Wonders of the Nile
A river cruise along Egypt’s lifeline reveals a wealth of history,
culture and ancient treasures
By Alan Fox
(Scroll down to see a slide show.)We began our initial descent into the Egyptian capital of Cairo just after 8 a.m., as the pilot announced that the temperature on the ground was already 90 degrees and climbing. Our overnight flight from the South African city of Johannesburg had taken us from one end of the African continent to the other, and from winter to summer -- in the Sahara Desert. The view from the plane was of sand, for as far as the eye could see.
My wife, son and I had been traveling for nearly 24 hours since leaving Savute Elephant Camp in Botswana, the last stop of an 11-day safari, but our excitement at finally reaching the Land of the Pharaohs was impossible to contain. Ahead of us, that great, ancient city was coming to life as it had every day for more than a thousand years.
Cairo has one of the world's busiest airports, and as we walked into the terminal from the tarmac, we found a sea of people swarming a handful of immigration desks. Most visitors, including Americans, must have a visa and obtain it upon arrival, but before we could look for the end of the line, a representative from African Travel, the tour company we chose for this trip, stepped forward.

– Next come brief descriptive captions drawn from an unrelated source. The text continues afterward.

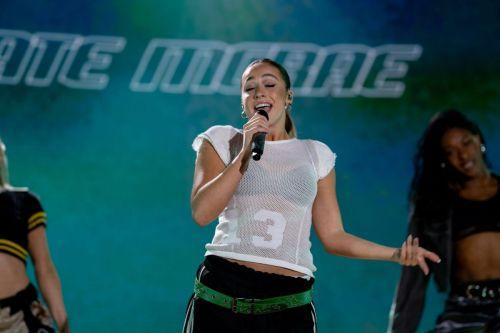 Tate McRae Electrifying Today Show Performance - New York 3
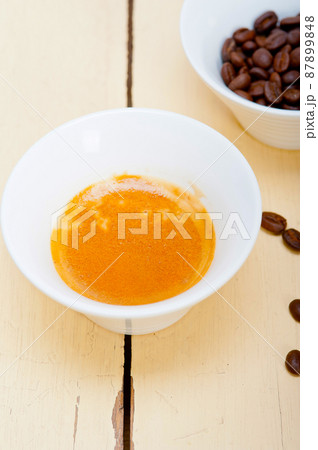 espresso cofee and beans 87899848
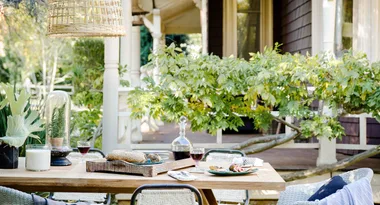 9 tips for outdoor entertaining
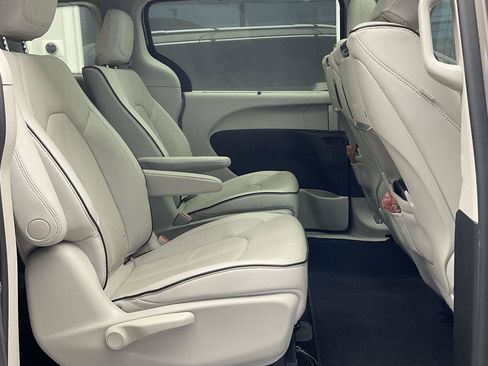 Used 2018 Chrysler Pacifica Limited w/ Advanced Safetytec Group image 17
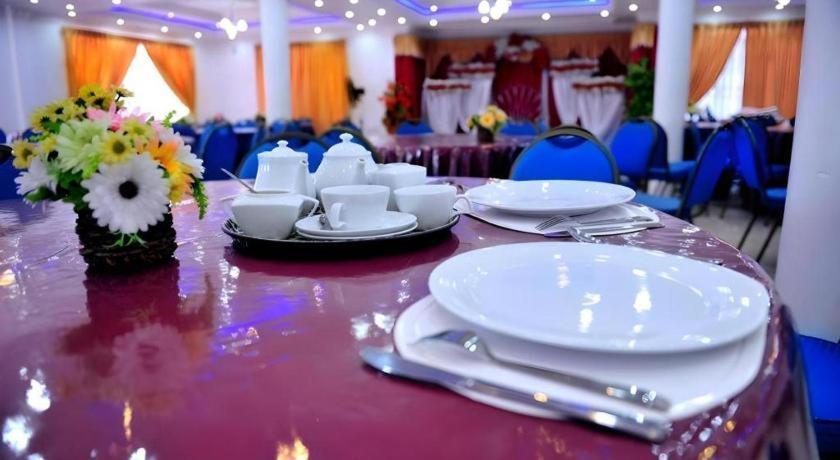 Hotel Glee Тринкомали Экстерьер фото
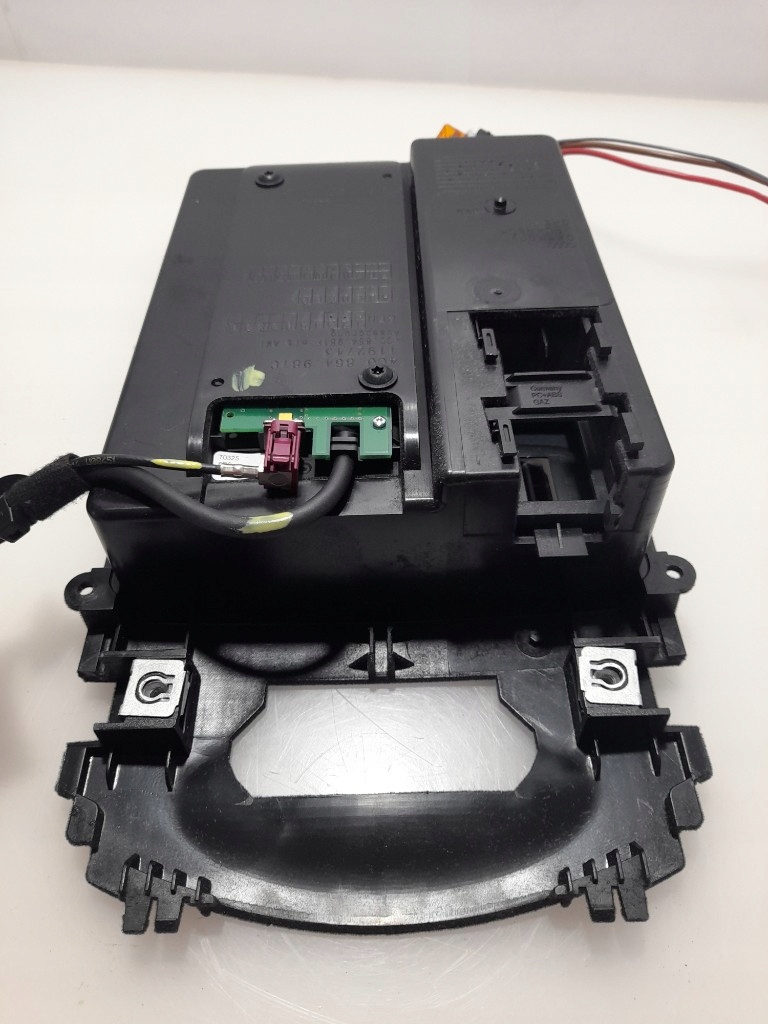 фото №16, Audi a6 c7 4g зарядное устройство телефона индукционная бардачок 4g0864981c super состояние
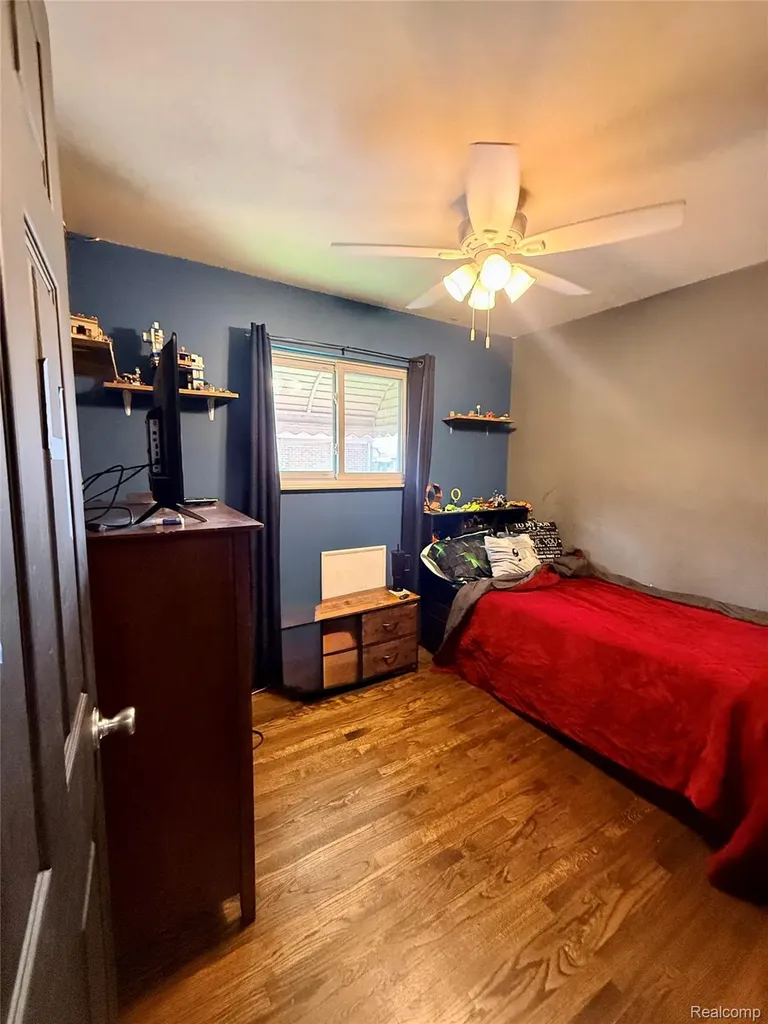 26676 Richard Drive Warren City MI 48089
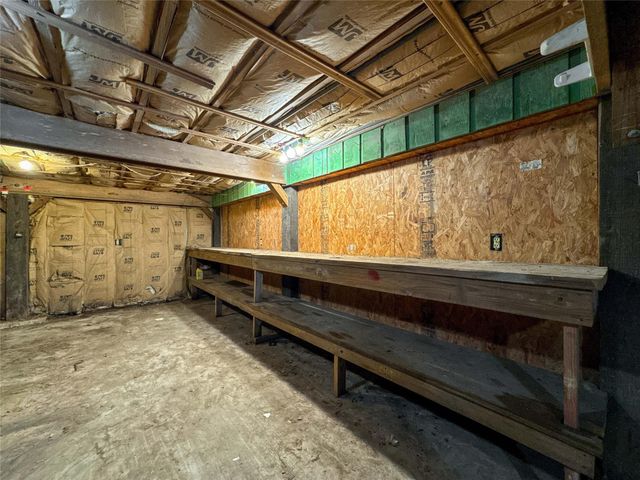 1045 12th Street, Dickinson, TX 77539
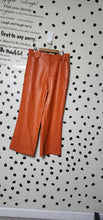 Load image into Gallery viewer, LESS FILLES LEATHER PANTS    SZ MED
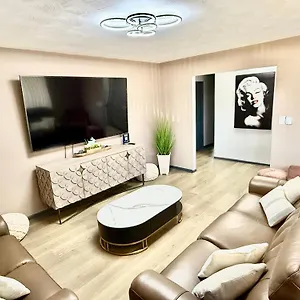 Delightful 3 Bedroom Apartment *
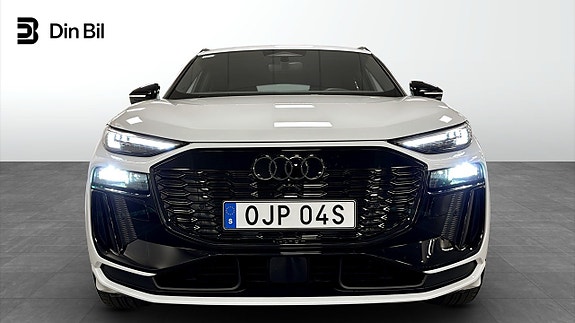 Audi Q6 e-tron 4 of 5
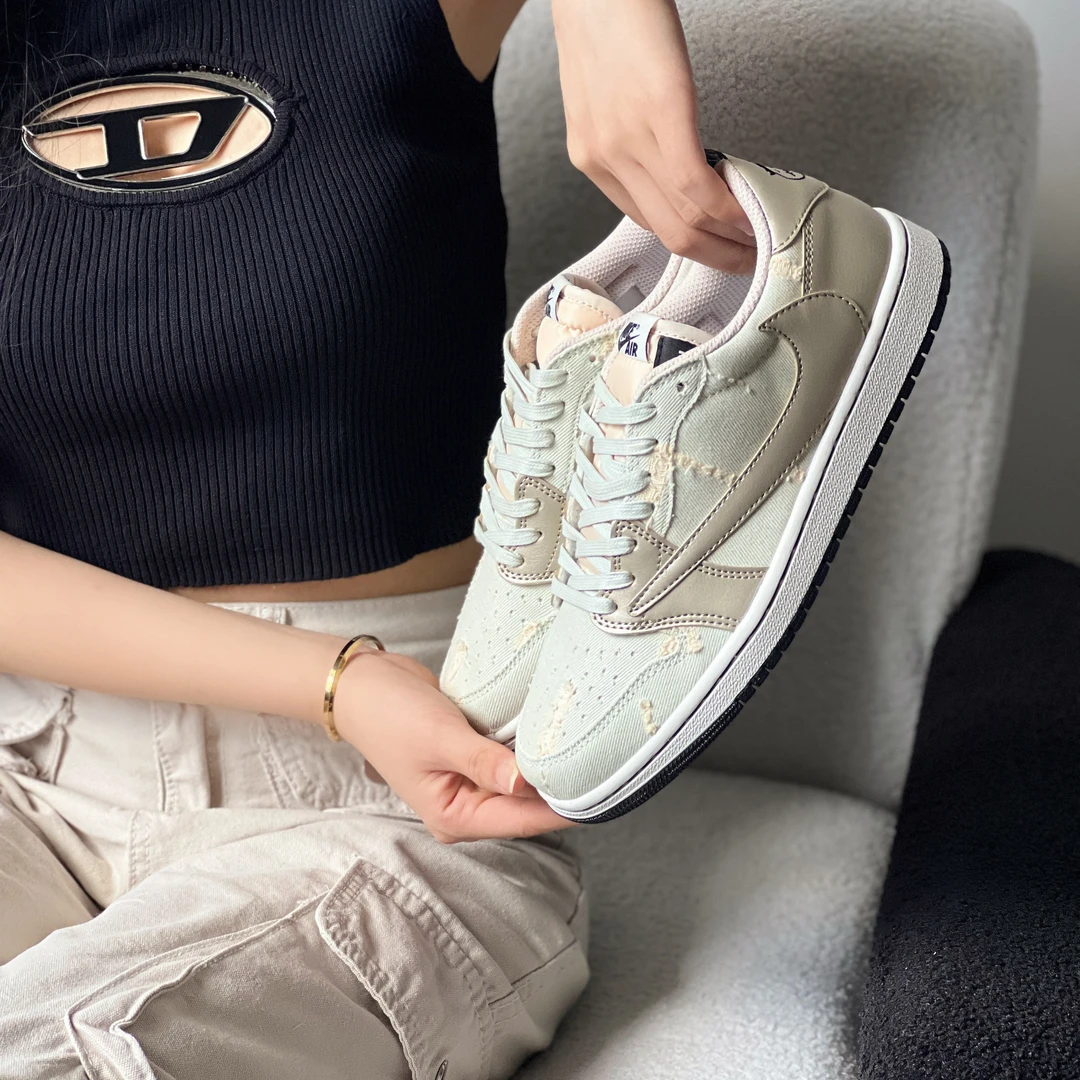 NIKE/耐克 Air Jordan 1白金牛仔百搭潮流运动男女款【定制球鞋】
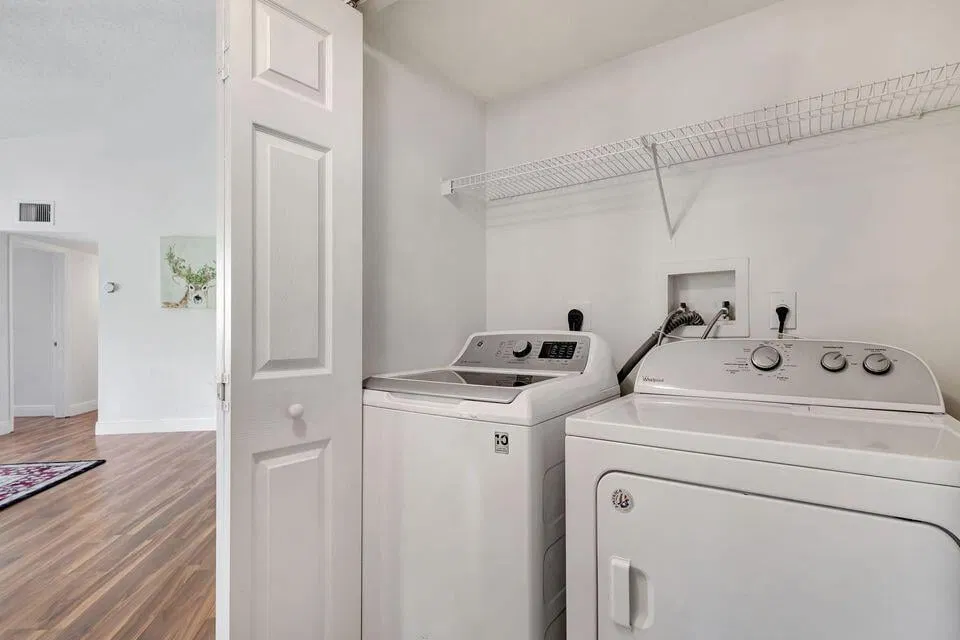 Unit 1407 photo 25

"My name is Mohammed, like half the men in Egypt," he joked, "but you can call me Mido."
In a matter of minutes, Mido whisked us through immigration, introduced us to our guide for the entire week, an Egyptologist named Hany, collected our bags and walked us through customs. Mido seemed to know everyone of importance in the airport.
Outside, our private shuttle was waiting along with our driver and an armed, plainclothes policeman dressed in suit and tie. Hany explained that Egypt goes to tremendous lengths to ensure the safety of tourists. In addition to a high-profile police presence at tourist attractions and hotels, the government frequently assigns officers to accompany groups of tourists, at no charge.
Cairo is a sprawling city of 17 million people, but after 10 minutes I wondered how so many had survived the traffic. At first I thought that drivers changed lanes with reckless abandon, but then I realized "lanes" don't really exist out there. It's more of a free-for-all. Our driver was quite careful, but more than once I braced for a sideswipe that never came.
Not surprisingly, most of the buildings in Cairo are old, and in some areas they seem to be collapsing from the top down. Along the elevated freeway, we saw countless four- to six-story buildings crowned with nothing more than a section of wall and some protruding rebar.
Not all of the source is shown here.